Calculated electron band structure of hcp Os along high-symmetry directions. Red solid curves denote results without SOC, and black dashed curves denote results with SOC. The Fermi energy is set to zero, illustrated by a horizontal line.

Figure 2

Phonon dispersion of Os. Red solid curves denote results without SOC, and black dashed curves denote results with SOC.

Figure 3

Left panel, band structure of OsSi. Red solid curves denote results without SOC, black dashed curves denote results with SOC, and dashed-dotted green curves denote results with both SOC and semicore electrons. The energies are aligned at the top of the valence band, which is set to zero and illustrated by a horizontal line. Right panel, density of states with SOC and without semicore.

Figure 4

Phonon dispersion of OsSi. Red solid curves denote results without SOC, and black dashed curves denote results with SOC.

Figure 5

Phonon linewidths of Os, contributed by electron-phonon interactions. (Top) with SOC; (bottom) no SOC. The magnitude of the linewidths is scaled by a factor of 5 for visibility.

Figure 6

Fermi surfaces colored by the magnitude of the Fermi velocities (color legend in atomic units), for hexagonal Os. The panels on the left are side views, and the panels on the right are top views. Two top panels contain all bands crossing the Fermi level. Two middle panels show the second band. Two bottom panels show the first band, which is enclosed by the larger surface of the second band.

Figure 7

Calculated and experimental electrical resistivity of Os. The inset shows the zoom-in figure below 25 K [Expt. 1 (Ref. 10), Expt. 2 (Ref. 30), Expt. 3 (Ref. 9)]. The diagonal components of the resistivity tensor are shown separately.

Figure 8

Calculated and experimental thermal resistivity of Os. The inset shows the zoom-in figure below 25 K [Expt. 1 (Ref. 10), Expt. 2 (Ref. 9)]. The diagonal components of the resistivity tensor are shown separately.

Figure 9

EPC phonon linewidth of OsSi with hole doping of $1\times {10}^{22}$ cm${}^{-3}$, including SOC. The magnitude of the linewidth is scaled by a factor of 2 for visibility.

Figure 10

Fermi surfaces of cubic OsSi with $1\times {10}^{22}$ cm${}^{-3}$ hole doping. The top panel contains all bands intersecting with the Fermi level. Panels below show individual sheets.

Figure 11

Calculated and experimental electrical resistivity of OsSi. The theoretical resistivities with varied levels of hole doping are shown.

Figure 12

Calculated and measured Seebeck coefficient of OsSi.

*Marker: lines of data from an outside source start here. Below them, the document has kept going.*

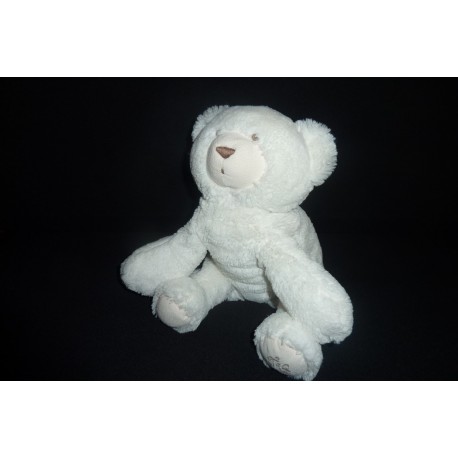 DOUDOU OURS PELUCHE TARTINE ET CHOCOLAT
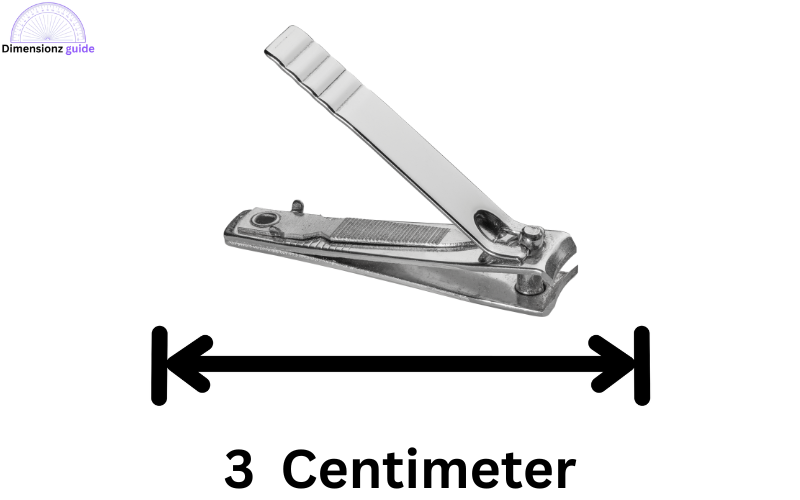 how big is 3 cm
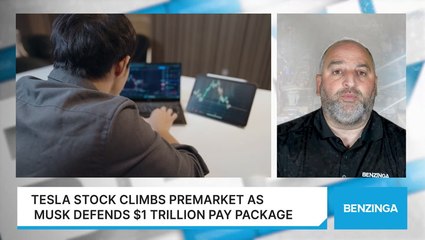 Tesla Stock Climbs Premarket As Musk Defends $1 Trillion Pay Package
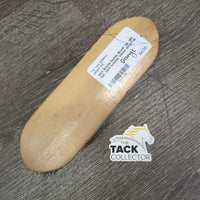 Stiff Bristle Dandy Brush *gc, dirt, hair, bent bristles, stains
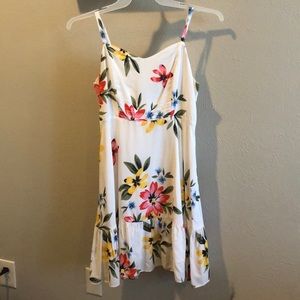 Floral Midi Dress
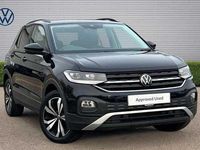 Used VW T-Cross Black Edition 115 HP (84 kW) 2024 Black SUV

The theoretical Seebeck with varied levels of hole doping are shown.

Figure 13

Total (experimental, dots) and electronic [experimental (squares) and theoretical (solid lines)] thermal conductivity of OsSi. The theoretical thermal conductivity (including the residual experimental resistivity at 0 K) with varied levels of hole doping are shown.

Figure 14

Calculated (a) electrical conductivity, (b) Seebeck coefficient, (c) power factor, and (d) figure of merit $ZT$ of $p$-type (solid lines) and $n$-type (dashed lines) doped OsSi at 50 K (black), 100 K (red), 300 K (green), 500 K (blue), 900 K (violet) as a function of carrier concentration.